After 15 years of living in exile, from 1977-1992, I returned to my country, El Salvador, with a heart full of joy to contribute to the recovery of my land that had been devastated by war from 1980-1992. As a result of the war, I found that my country had plunged into greater poverty. Hundreds of thousands of people were forced to emigrate from their places of origin, either internally or externally, to neighboring countries, the United States, Canada, or Europe.

I returned to Suchitoto, my last parish, and it was very hard for me to witness that 70% of the population of the countryside and the city had emigrated. The people who lived in Suchitoto were no longer the same, they were new, and the majestic hill of Guazapa looked bare of vegetation, it had been sprayed with white phosphorus imported from the United States and Israel. The hill served as a stronghold for the guerrillas during the war.

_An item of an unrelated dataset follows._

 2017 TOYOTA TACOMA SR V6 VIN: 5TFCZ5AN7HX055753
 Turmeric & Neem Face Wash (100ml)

I asked Mario López, former guerrilla commander, what my contribution could be to the reconstruction of the human network. Mario requested that I collaborate in the Lower Lempa River where 47 rural communities had been established. I received financial support from the Kellogg Foundation. They donated $300,000. The contribution served to organize families in groups of 7 to 10 for food production, introducing organic farming. The families understood the importance of being organized.

We founded the Coordinating Committee of the Communities of Bajo Lempa and together we created a peace program. This was the beginning of the Local Peace Zone following the UNESCO model. I facilitated a total of 36 peace workshops and we obtained the participation of 114 communities. The crime was lowered to zero and in 1998 we declared the region a zone of peace after having been one of the most violent in the country.

Mangrove trees along the coast of Jiquilisco Bay

Very soon we discovered that the area needed a reforestation program, especially the coast of Jiquilisco Bay. We began receiving delegations of Jewish university students sent by American Jewish World Service, based in New York, and with them we planted hundreds of thousands of mangrove candles* on the beaches. Mangrove, like coral, serves as a nest for shrimp and fish multiplication.

It is clear that wars only serve to destroy our Mother Earth and burden our populations with poverty.

The war industry only serves to enrich a very small number of wealthy people feeding on the blood of the poor. The only thing that can save us from violence is solidarity of the peoples, a universal recognition that we have been created in the likeness of God and that our dignity is above any material means.

 

*The mangrove produces seeds that are like candles. It doesn’t multiply by the roots. You plant the candles.